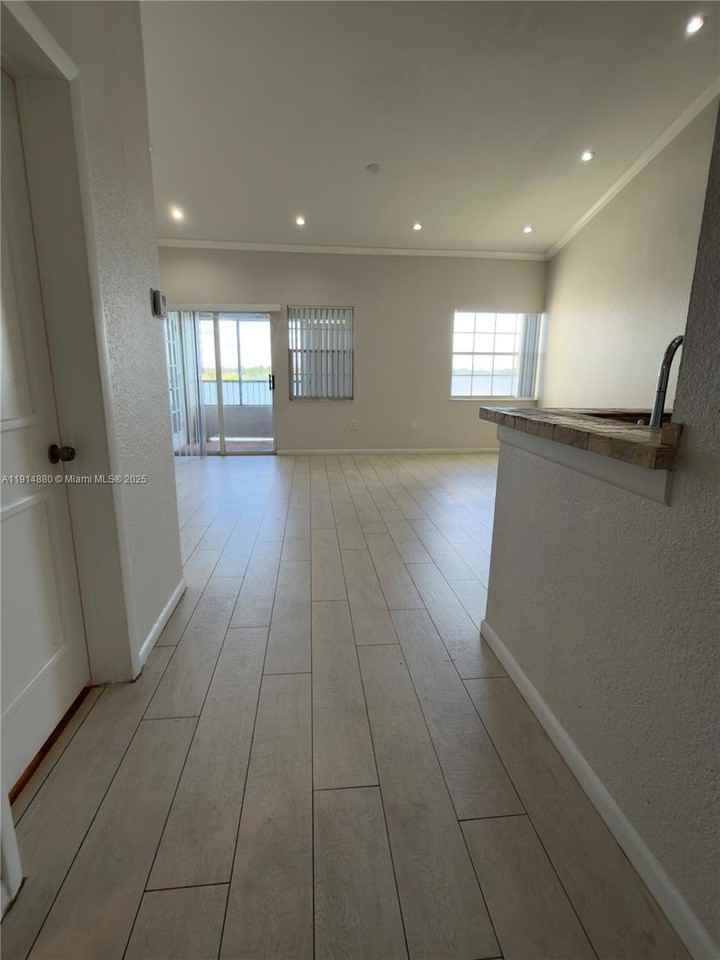 2831 North Oakland Forest Drive #304 - Photo 2 of 8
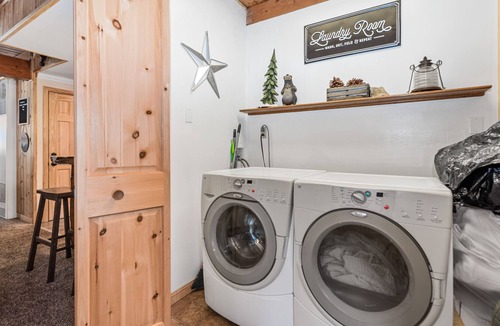 Big Bear Lake Ski Chalet | Paradise in the Pines - Classic Big Bear Chalet with Hot Tub, Ping Pong and Darts!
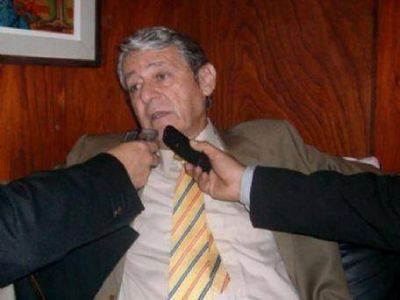 Carlos Kunkel visit� La Plata: �No le tenemos que tener miedo a Massa porque es un mu�eco de la oligarqu�a�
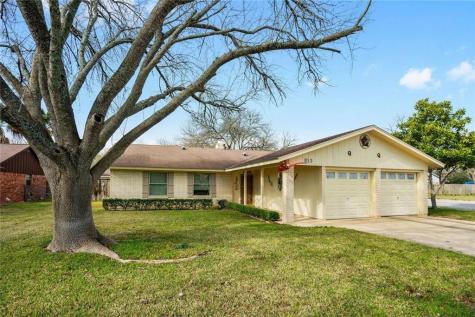 813 S Guadalupe Street Lockhart TX 78644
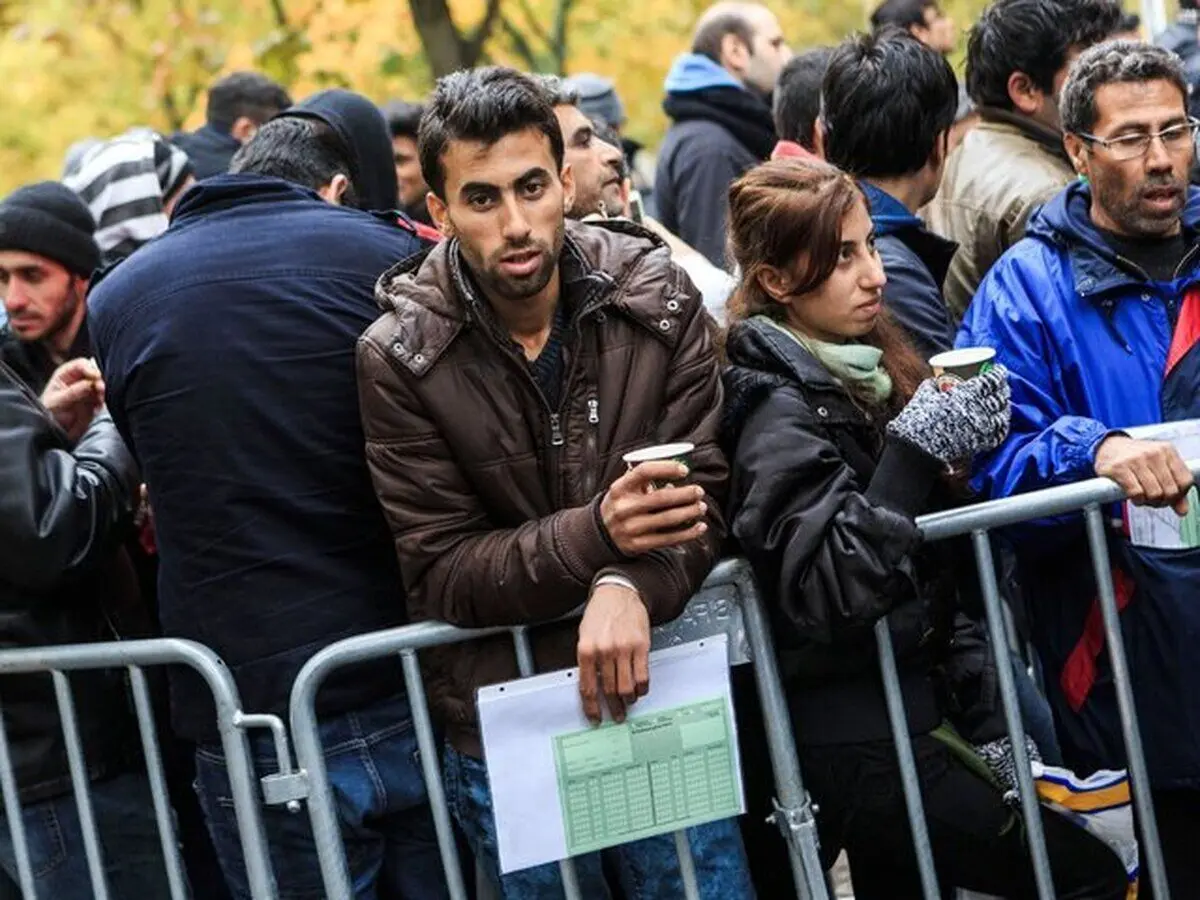 دستور نخست‌وزیر جدید بریتانیا در اولین روز کاری‌اش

____

Set down exactly, from the line that contains "Carlos Kunkel visit�" through the last line of the data, each line as it stands, and leave the pictures out.

 Carlos Kunkel visit� La Plata: �No le tenemos que tener miedo a Massa porque es un mu�eco de la oligarqu�a�
 813 S Guadalupe Street Lockhart TX 78644
 دستور نخست‌وزیر جدید بریتانیا در اولین روز کاری‌اش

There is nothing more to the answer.